Pour aller plus loin
Les secrets de l’aérodynamisme : pourquoi le Cx est si crucial pour les voitures électriques
Un autre coefficient peut également être utilisé : le SCx. Il s’agit, tout simplement, du Cx multiplié par la surface frontale d’une voiture en m². Un coefficient bien peu favorable aux SUV, pénalisés par leur importante hauteur.
Terminons par préciser que le Cx inclut différent types de traînées aérodynamiques :
- Trainée de forme : l’air qui rentre en contact frontal avec une forme ;
- Trainée de surface : le frottement de l’air contre la carrosserie – et qui dit frottement dit résistance ;
- Trainée de turbulence : les remous qui se créent notamment à l’arrière de la voiture, créant une forme de résistance au roulement ;
- Trainée interne : la résistance liée à l’air qui circule dans la voiture, pour des besoins liés au refroidissement du moteur, de la batterie ou de l’habitacle.
Évidemment, plus une voiture est aérodynamique, moins l’air opposera de résistance à son mouvement, baissant la demande des moteurs pour accélérer ou se maintenir à une vitesse donnée. C’est donc moins de consommation, et plus d’autonomie.
Citroën : une nouvelle façon d’aborder le design
Les bases sont posées. Vous l’aurez compris : l’aérodynamisme est une notion complexe, qui intègre énormément de paramètres. Comment les designers arrivent à dessiner des voitures électriques qui arrivent à cumuler ce besoin de sobriété, le respect des (draconiennes) normes de sécurité, une habitabilité décente, des contraintes budgétaires et un style respectant les chartes de chaque marque ?

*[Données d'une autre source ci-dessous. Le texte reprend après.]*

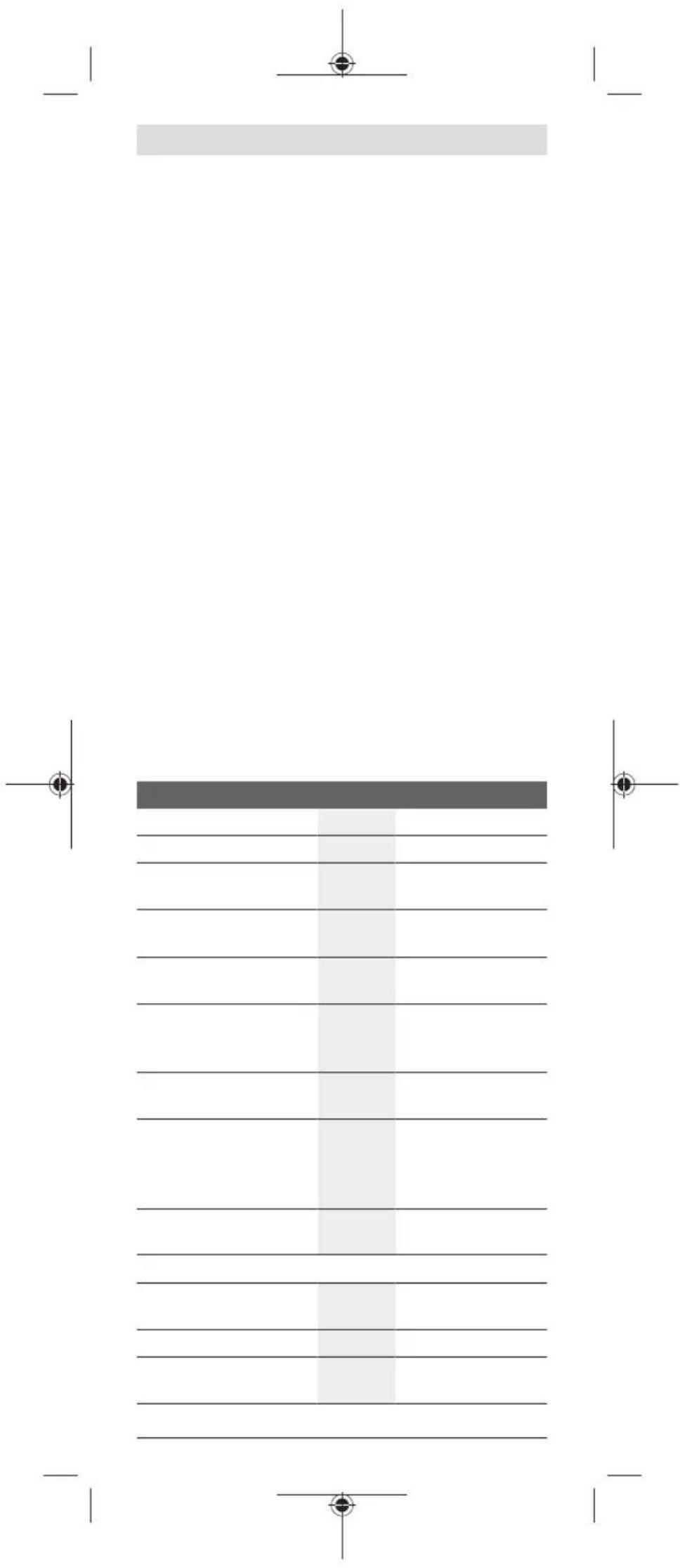 BOSCH Gluey - Gluey - 382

Justement, Citroën est en pleine mutation stylistique. Menée par Pierre Leclercq (l’ancien directeur du style de Kia), l’équipe design veut donner une nouvelle identité aux voitures de la marque. Objectif assumé : « un design non dynamique, qui s’éloigne des canons automobiles pour s’approcher d’une approche ‘produit' », rappelle Pierre Leclercq. En d’autres termes : des surfaces simples, des faces avant verticales, des détails tranchés, bref, du contraste.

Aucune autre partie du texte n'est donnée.